Segment Open

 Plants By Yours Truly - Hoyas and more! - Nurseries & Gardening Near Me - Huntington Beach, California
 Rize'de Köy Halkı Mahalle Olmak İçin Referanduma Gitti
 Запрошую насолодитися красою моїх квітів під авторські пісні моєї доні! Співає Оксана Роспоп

Segment Closed
Segment Open

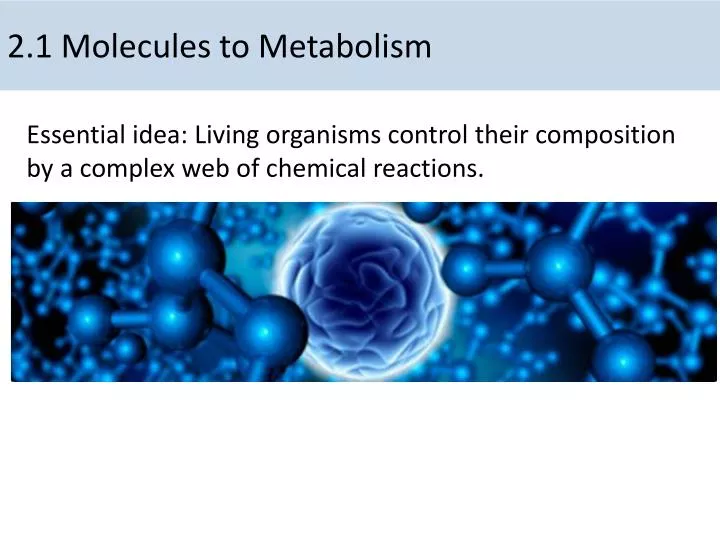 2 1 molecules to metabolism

Segment Closed

- The task -
Go to the line in the material above that contains "Rize'de Köy Halkı" and copy exactly from there through the line that contains "Запрошую насолодитися красою", stopping after it.

- Written reply -
 Rize'de Köy Halkı Mahalle Olmak İçin Referanduma Gitti
 Запрошую насолодитися красою моїх квітів під авторські пісні моєї доні! Співає Оксана Роспоп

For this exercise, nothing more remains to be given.